=== Work instruction ===
Please output every line of the material as it stands, without the pictures.

=== Data block ===

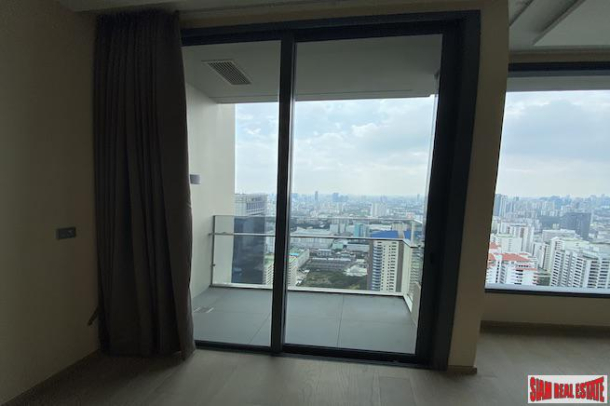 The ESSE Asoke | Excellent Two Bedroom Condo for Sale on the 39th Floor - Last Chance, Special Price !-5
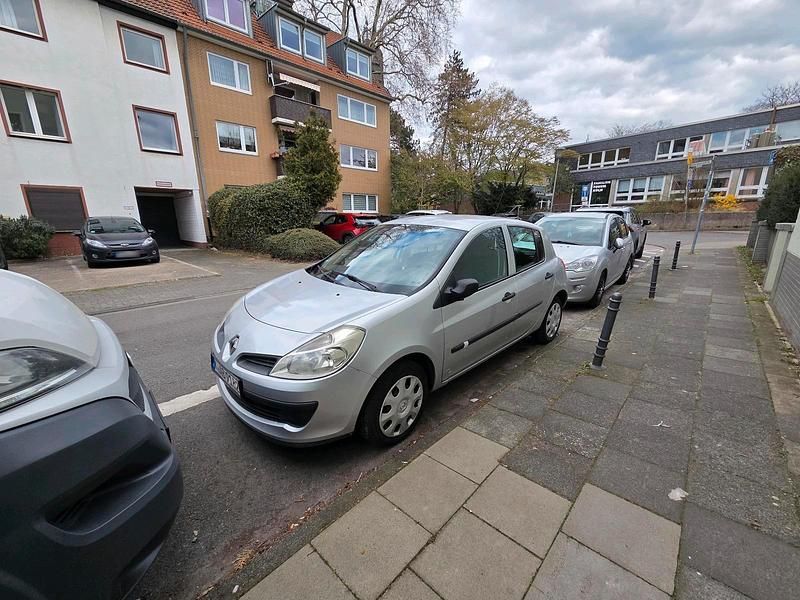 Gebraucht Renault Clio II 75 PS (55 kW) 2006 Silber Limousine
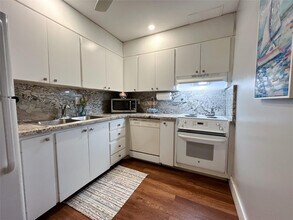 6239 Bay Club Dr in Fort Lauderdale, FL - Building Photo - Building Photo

=== The completed task ===
 The ESSE Asoke | Excellent Two Bedroom Condo for Sale on the 39th Floor - Last Chance, Special Price !-5
 Gebraucht Renault Clio II 75 PS (55 kW) 2006 Silber Limousine
 6239 Bay Club Dr in Fort Lauderdale, FL - Building Photo - Building Photo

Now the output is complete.